WORK ITEM -
Go through the entries below and print each one exactly, leaving out pictures.

+++ SOURCE MATERIAL

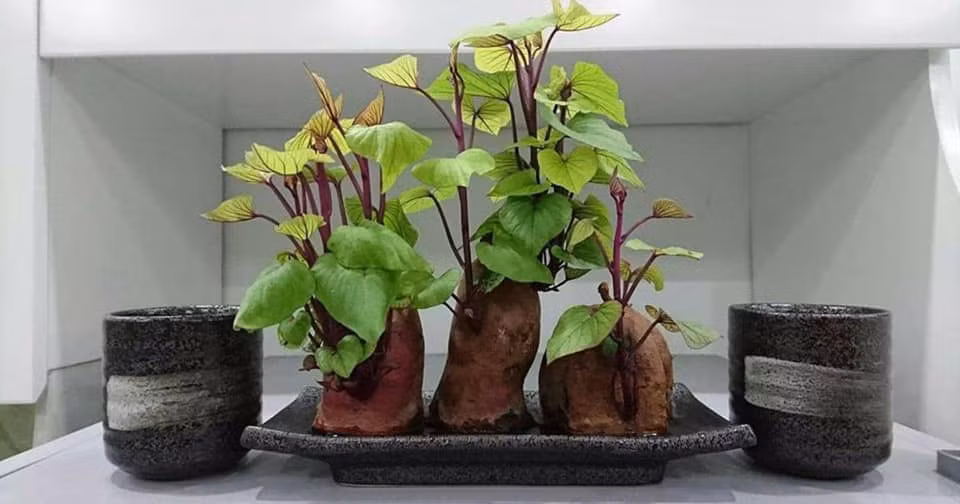 Bonsai khoai lang được người dùng chia sẻ trên khắp các diễn đàn, nhóm yêu cây cảnh.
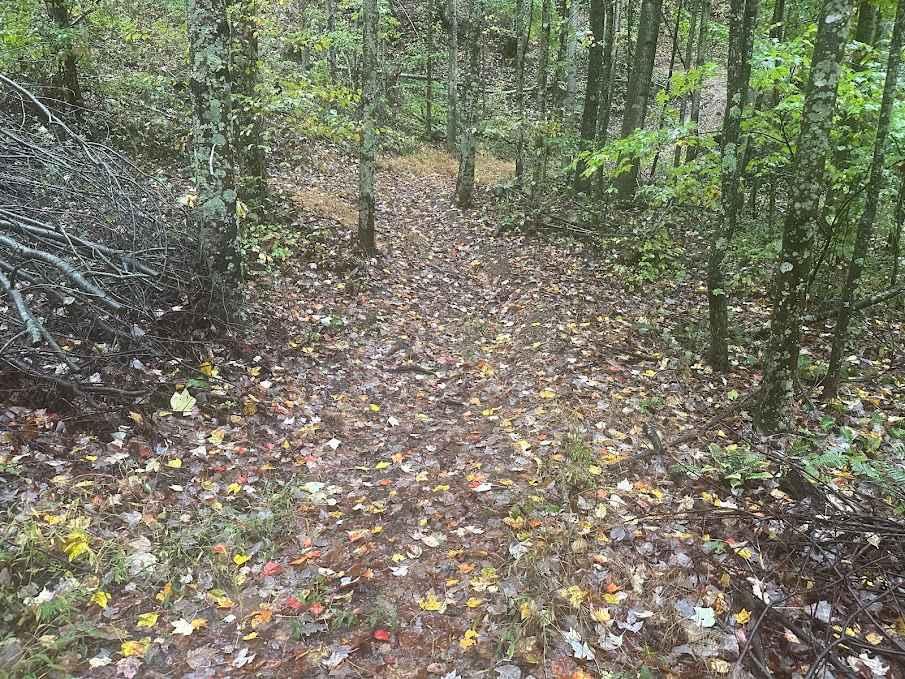189 Single Track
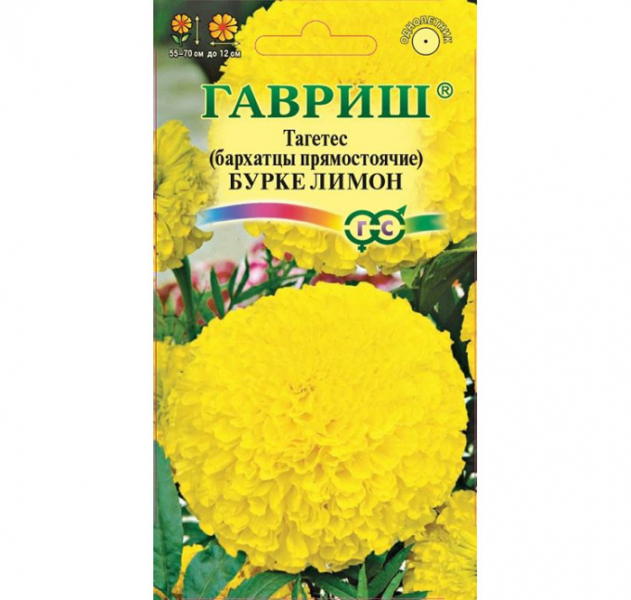 Чорнобривці (70 фото) — сорти, вирощування та догляд за найкориснішою квіткою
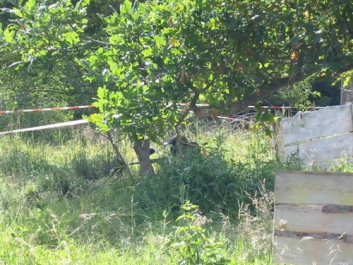 Paintball – Bild 160 von 222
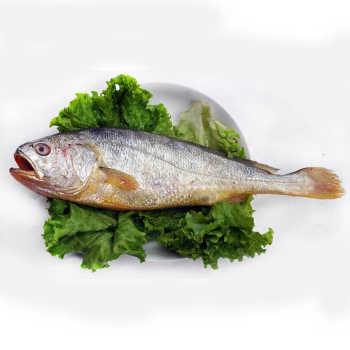 宁德小黄花鱼200±50克/条 营养食品 冰鲜黄花鱼 生鲜水产品冰鲜鱼类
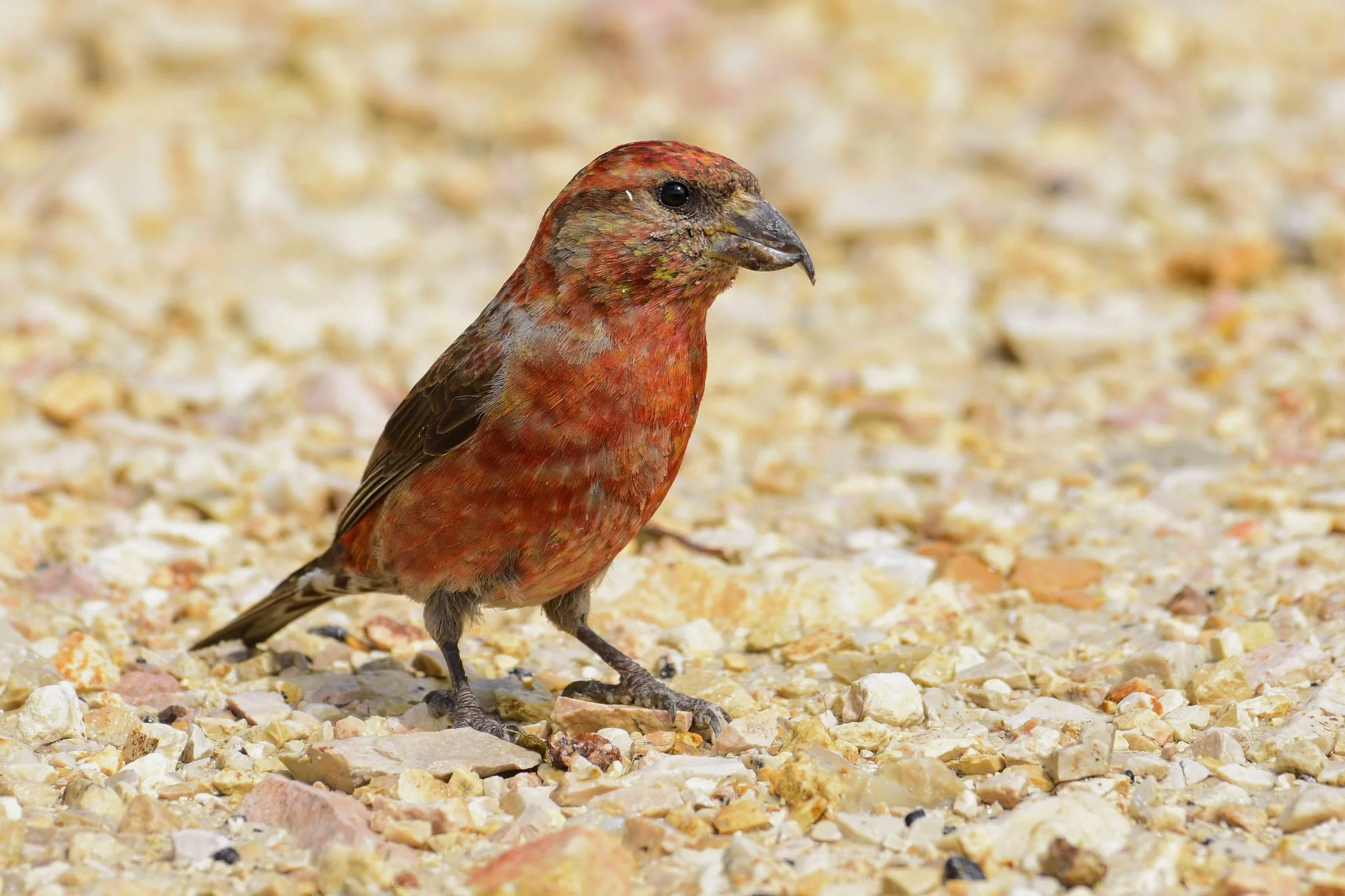 Red Crossbill - Loxia curvirostrea
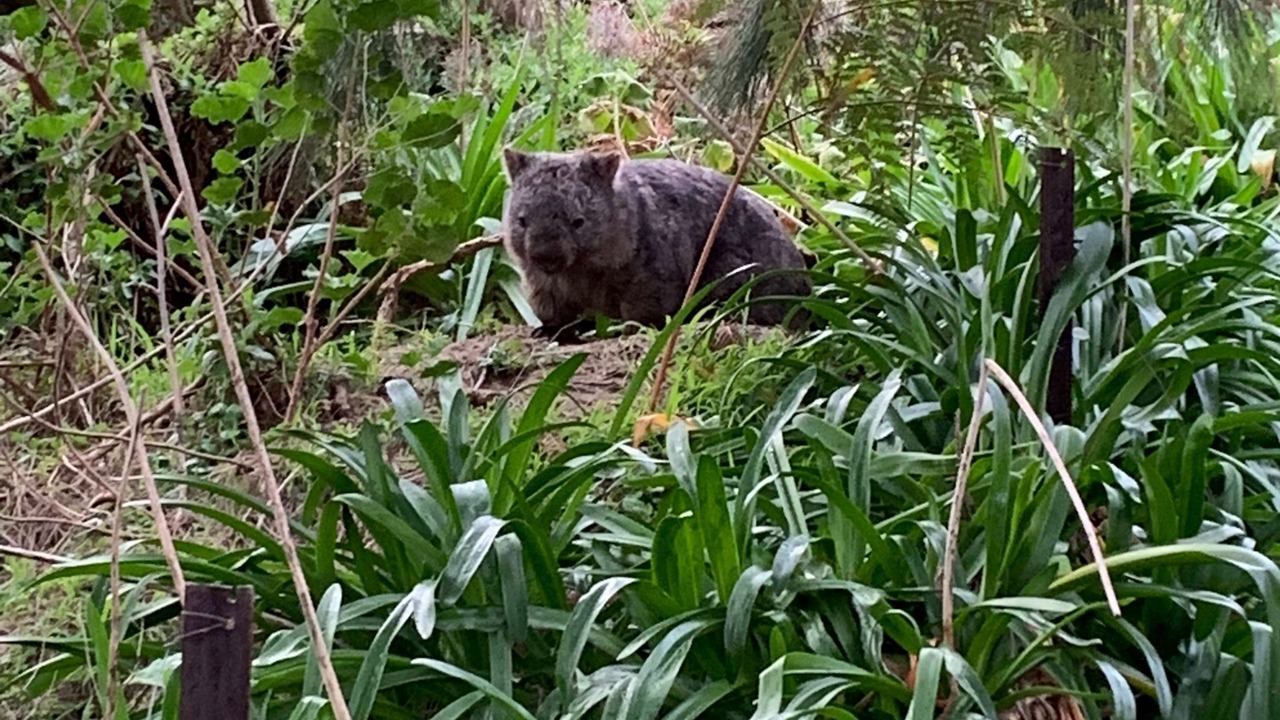 Photo of Others in Venus Bay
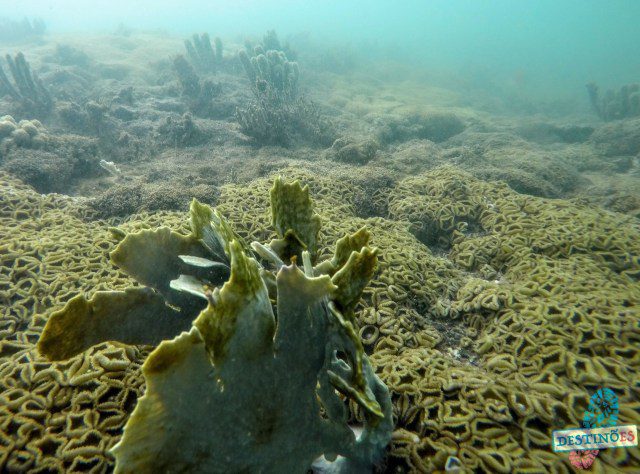 Verão: Opções de praias escondidas da GV para fugir das aglomerações Verão: Opções de praias escondidas da GV para fugir das aglomerações
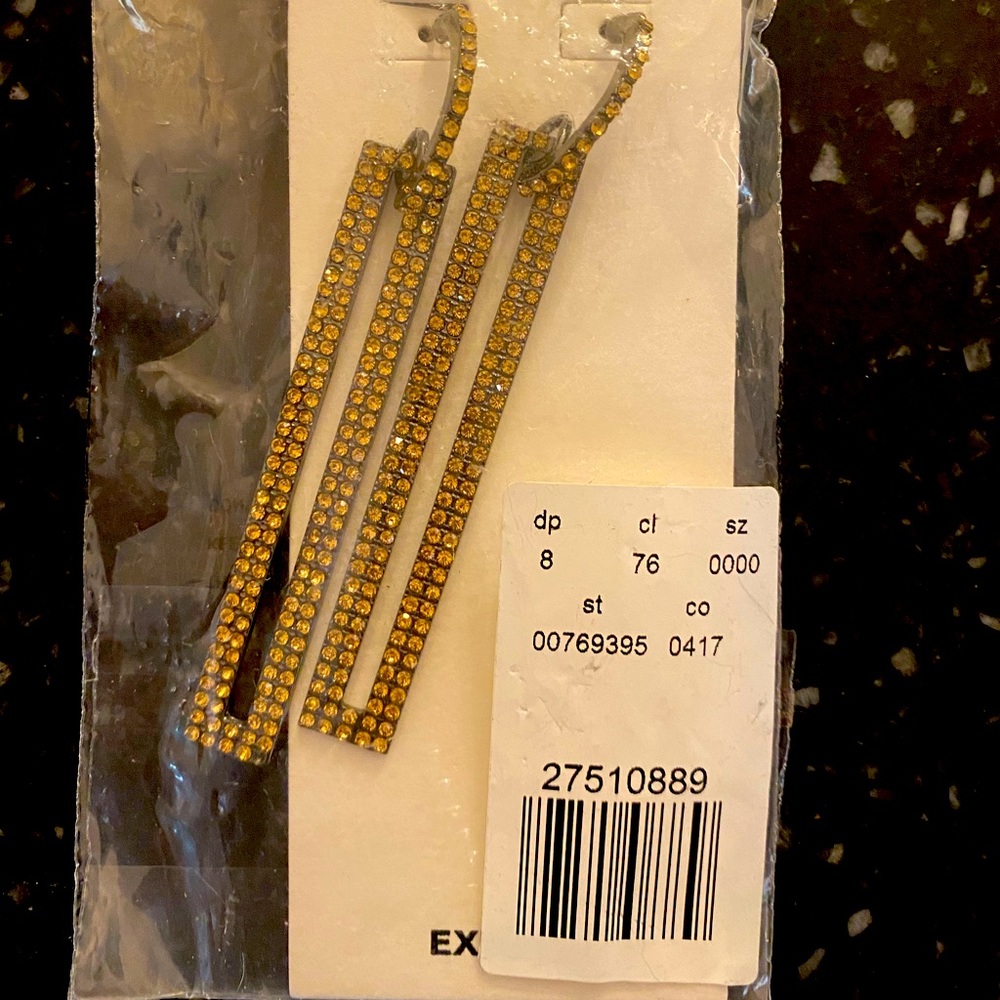 NWT Express Earrings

++++++

RESPONSE AREA -
 Bonsai khoai lang được người dùng chia sẻ trên khắp các diễn đàn, nhóm yêu cây cảnh.
189 Single Track
 Чорнобривці (70 фото) — сорти, вирощування та догляд за найкориснішою квіткою
 Paintball – Bild 160 von 222
 宁德小黄花鱼200±50克/条 营养食品 冰鲜黄花鱼 生鲜水产品冰鲜鱼类
 Red Crossbill - Loxia curvirostrea
 Photo of Others in Venus Bay
 Verão: Opções de praias escondidas da GV para fugir das aglomerações Verão: Opções de praias escondidas da GV para fugir das aglomerações
 NWT Express Earrings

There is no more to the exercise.